- Problem statement:
Take each line below that has "Blazer" and copy it.

- Records excerpted from a collection:

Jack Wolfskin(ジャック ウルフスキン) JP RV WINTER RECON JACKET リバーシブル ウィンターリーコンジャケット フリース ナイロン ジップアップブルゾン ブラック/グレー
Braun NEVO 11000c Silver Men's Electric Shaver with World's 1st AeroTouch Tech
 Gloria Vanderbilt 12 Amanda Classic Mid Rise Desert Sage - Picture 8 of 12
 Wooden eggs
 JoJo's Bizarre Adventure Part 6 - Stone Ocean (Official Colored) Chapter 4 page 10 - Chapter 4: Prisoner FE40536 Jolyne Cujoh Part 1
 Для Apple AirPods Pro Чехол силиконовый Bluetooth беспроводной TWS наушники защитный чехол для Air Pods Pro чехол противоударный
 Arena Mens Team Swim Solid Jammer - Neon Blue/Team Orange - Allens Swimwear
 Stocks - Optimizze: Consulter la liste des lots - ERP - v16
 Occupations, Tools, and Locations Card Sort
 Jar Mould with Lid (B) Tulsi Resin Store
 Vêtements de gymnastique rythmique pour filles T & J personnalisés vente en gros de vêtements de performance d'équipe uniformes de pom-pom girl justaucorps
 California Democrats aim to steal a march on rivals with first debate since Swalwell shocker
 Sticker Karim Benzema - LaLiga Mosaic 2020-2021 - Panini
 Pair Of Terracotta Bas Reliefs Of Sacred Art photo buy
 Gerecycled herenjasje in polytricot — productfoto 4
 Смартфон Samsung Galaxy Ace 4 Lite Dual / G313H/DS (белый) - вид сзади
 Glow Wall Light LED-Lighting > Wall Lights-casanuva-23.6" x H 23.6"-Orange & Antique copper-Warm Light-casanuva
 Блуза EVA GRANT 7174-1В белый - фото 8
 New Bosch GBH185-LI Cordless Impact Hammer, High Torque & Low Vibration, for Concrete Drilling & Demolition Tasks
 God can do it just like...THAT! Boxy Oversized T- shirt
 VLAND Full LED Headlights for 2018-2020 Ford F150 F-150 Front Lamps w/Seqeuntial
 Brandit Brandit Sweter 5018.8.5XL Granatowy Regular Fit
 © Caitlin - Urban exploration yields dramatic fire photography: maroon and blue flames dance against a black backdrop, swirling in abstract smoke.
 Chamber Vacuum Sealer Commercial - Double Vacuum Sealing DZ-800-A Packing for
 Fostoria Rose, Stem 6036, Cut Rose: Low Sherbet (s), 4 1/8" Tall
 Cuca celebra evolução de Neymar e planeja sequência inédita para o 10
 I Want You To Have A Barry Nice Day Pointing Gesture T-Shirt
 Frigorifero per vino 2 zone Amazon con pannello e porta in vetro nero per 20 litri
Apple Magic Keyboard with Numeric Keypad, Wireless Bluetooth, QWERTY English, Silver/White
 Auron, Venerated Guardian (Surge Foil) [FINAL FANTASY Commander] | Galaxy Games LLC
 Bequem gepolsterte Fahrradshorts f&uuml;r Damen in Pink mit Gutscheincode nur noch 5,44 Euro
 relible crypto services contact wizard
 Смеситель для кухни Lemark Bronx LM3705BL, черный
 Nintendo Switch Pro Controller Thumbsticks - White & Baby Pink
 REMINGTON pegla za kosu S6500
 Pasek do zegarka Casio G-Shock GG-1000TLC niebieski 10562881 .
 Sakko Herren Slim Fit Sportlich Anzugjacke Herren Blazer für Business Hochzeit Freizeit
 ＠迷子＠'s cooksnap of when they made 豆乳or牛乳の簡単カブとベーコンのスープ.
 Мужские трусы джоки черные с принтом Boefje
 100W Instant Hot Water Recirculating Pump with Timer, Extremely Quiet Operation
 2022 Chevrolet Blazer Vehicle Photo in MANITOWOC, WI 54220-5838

- Answer:
 Sakko Herren Slim Fit Sportlich Anzugjacke Herren Blazer für Business Hochzeit Freizeit
 2022 Chevrolet Blazer Vehicle Photo in MANITOWOC, WI 54220-5838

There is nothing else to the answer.